What the task asks
Your reply should repeat all records verbatim and contain no images.

(Items from a dataset)
*** Block opens ***
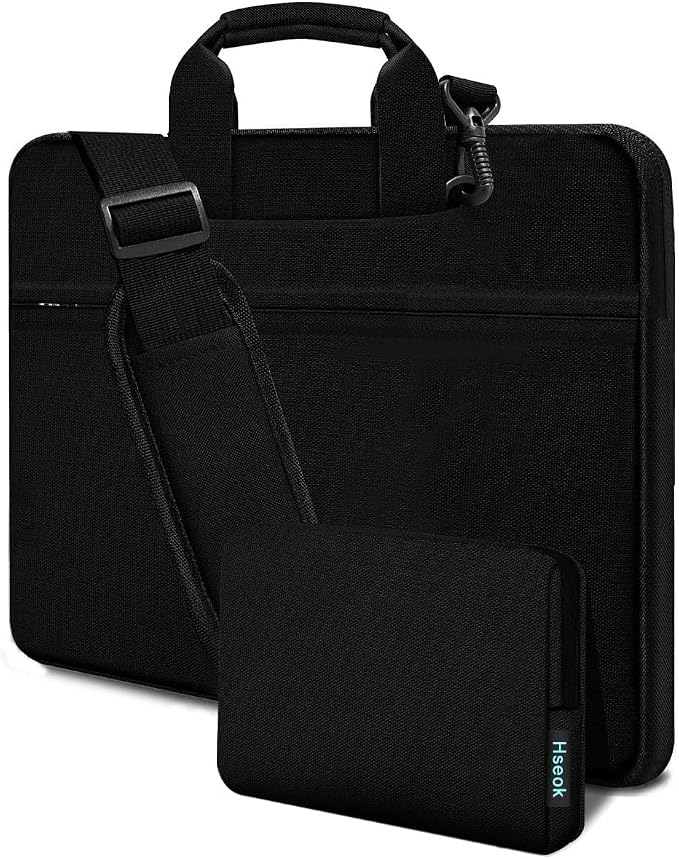 Hseok Laptop Shoulder Bag 15.6-16 inch Case,Water-Resistant Shockproof Computer Handbag with Small Case Compatible with MacBook Pro/Neo 16",Mac Air 15 M5, XPS 15/16 and most 15.6-16 PC,Black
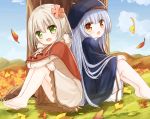  2girls autumn_leaves bangs barefoot beret black_headwear blue_hair blue_sky brown_capelet brown_dress brown_eyes brown_footwear cloud crossed_arms day dress eyebrows_visible_through_hair flower ginkgo ginkgo_leaf green_eyes hair_between_eyes hair_flower hair_ornament hat knees_up light_brown_hair long_hair long_sleeves multiple_girls on_grass on_ground original outdoors sitting skirt sky sleeves_past_wrists soles tree very_long_hair white_skirt yuuhagi_(amaretto-no-natsu) 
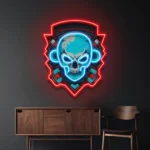 Gaming Pop Culture Neon Sign Shield Monkey Skull 1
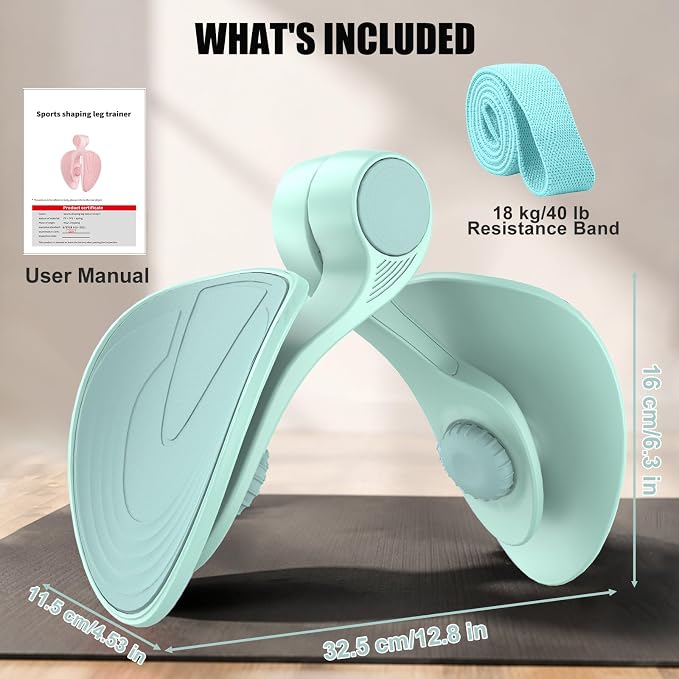 Pelvic Floor Exercise Devices 35lb Resistance Kegel Thigh Trainer with Band | Pelvic Floor Muscle Training, Inner Thigh Exerciser, Postpartum Recovery Support for Women, Suitable for Women and Men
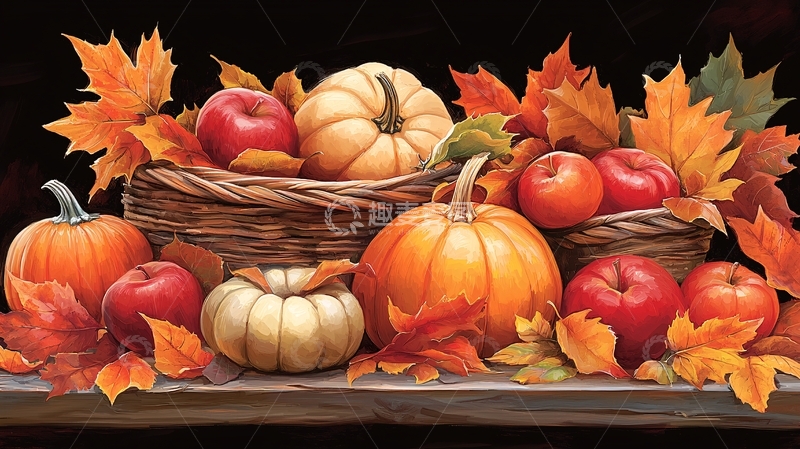 高清大图下载【趣麦麦图】秋季丰收的苹果南瓜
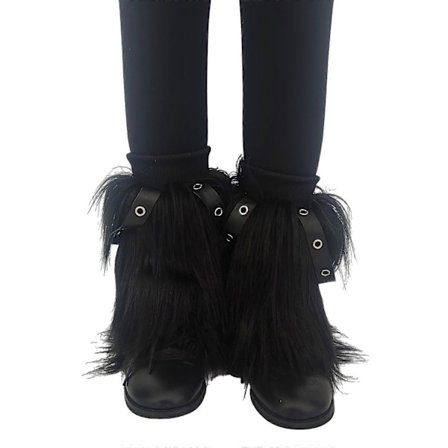 Punk Grunge -karvaiset säärystimet, joissa on silmukat ja hihna naisten lämpimiin pörröisiin muhkeisiin säärystimiin festivaaliasuihin, musta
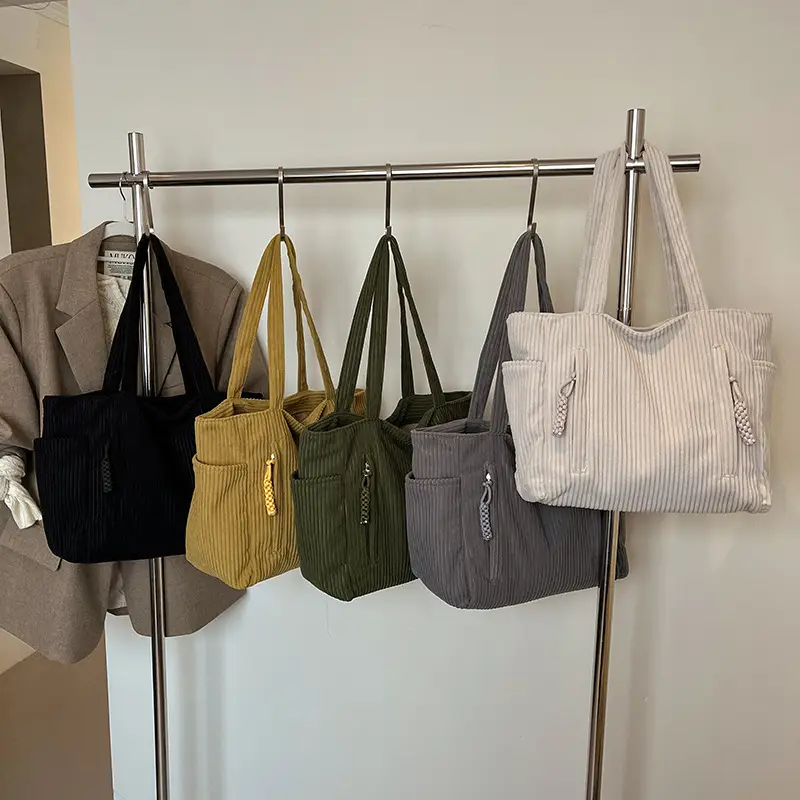 Women's Large Capacity Japanese Style Tote Bag Grey Striped - Image 9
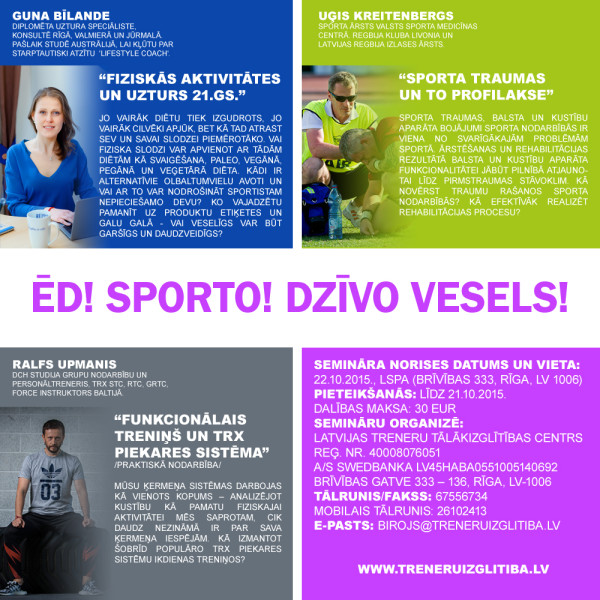 Notiks seminārs “Ēd! Sporto! Dzīvo vesels!”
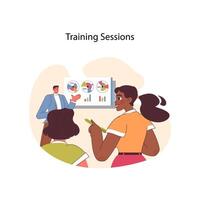 opleiding sessies concept. vlak vector illustratie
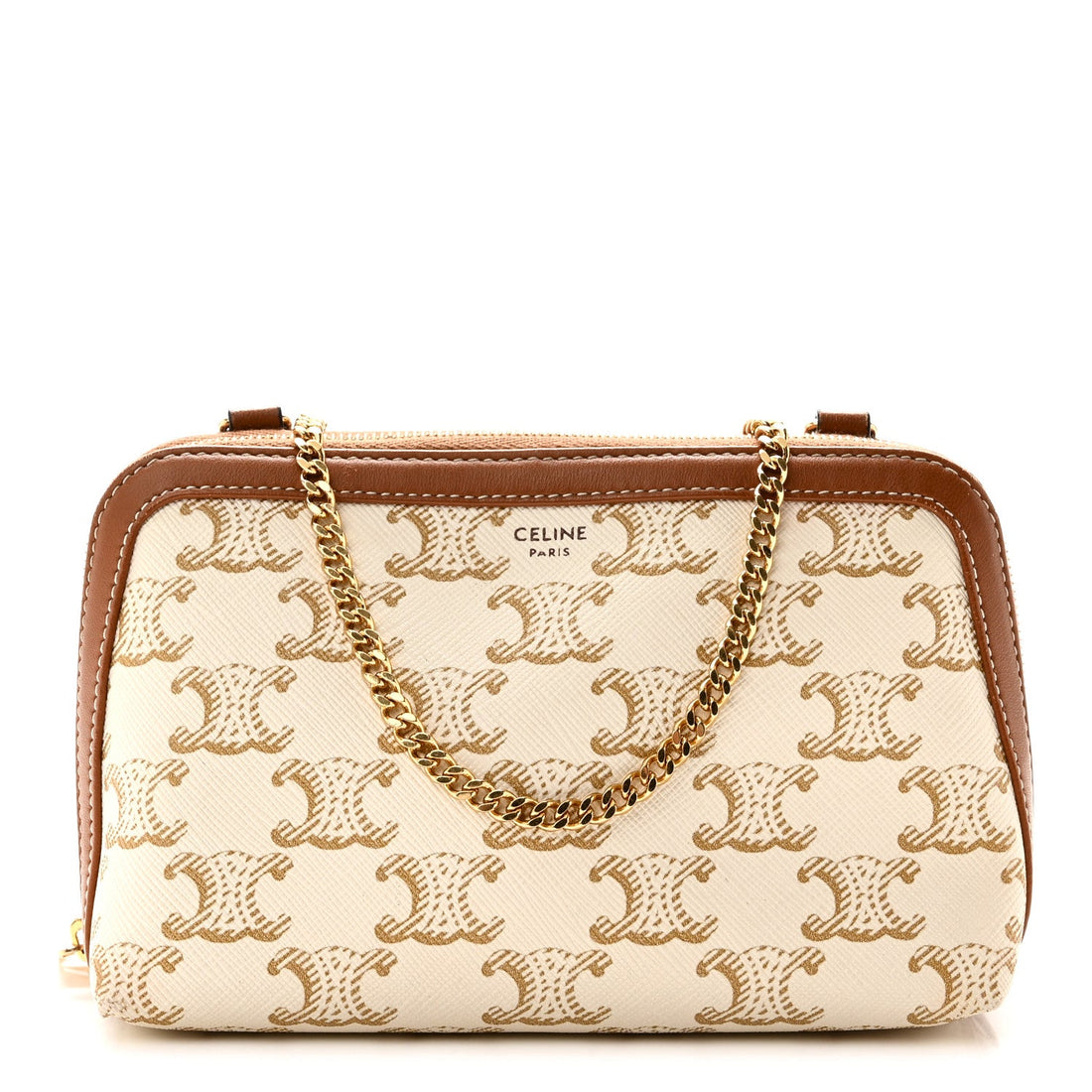 Lambskin Triomphe Canvas Clutch With Chain White Tan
*** Block closes ***
Written reply
 Hseok Laptop Shoulder Bag 15.6-16 inch Case,Water-Resistant Shockproof Computer Handbag with Small Case Compatible with MacBook Pro/Neo 16",Mac Air 15 M5, XPS 15/16 and most 15.6-16 PC,Black
  2girls autumn_leaves bangs barefoot beret black_headwear blue_hair blue_sky brown_capelet brown_dress brown_eyes brown_footwear cloud crossed_arms day dress eyebrows_visible_through_hair flower ginkgo ginkgo_leaf green_eyes hair_between_eyes hair_flower hair_ornament hat knees_up light_brown_hair long_hair long_sleeves multiple_girls on_grass on_ground original outdoors sitting skirt sky sleeves_past_wrists soles tree very_long_hair white_skirt yuuhagi_(amaretto-no-natsu) 
 Gaming Pop Culture Neon Sign Shield Monkey Skull 1
 Pelvic Floor Exercise Devices 35lb Resistance Kegel Thigh Trainer with Band | Pelvic Floor Muscle Training, Inner Thigh Exerciser, Postpartum Recovery Support for Women, Suitable for Women and Men
 高清大图下载【趣麦麦图】秋季丰收的苹果南瓜
 Punk Grunge -karvaiset säärystimet, joissa on silmukat ja hihna naisten lämpimiin pörröisiin muhkeisiin säärystimiin festivaaliasuihin, musta
 Women's Large Capacity Japanese Style Tote Bag Grey Striped - Image 9
 Notiks seminārs “Ēd! Sporto! Dzīvo vesels!”
 opleiding sessies concept. vlak vector illustratie
 Lambskin Triomphe Canvas Clutch With Chain White Tan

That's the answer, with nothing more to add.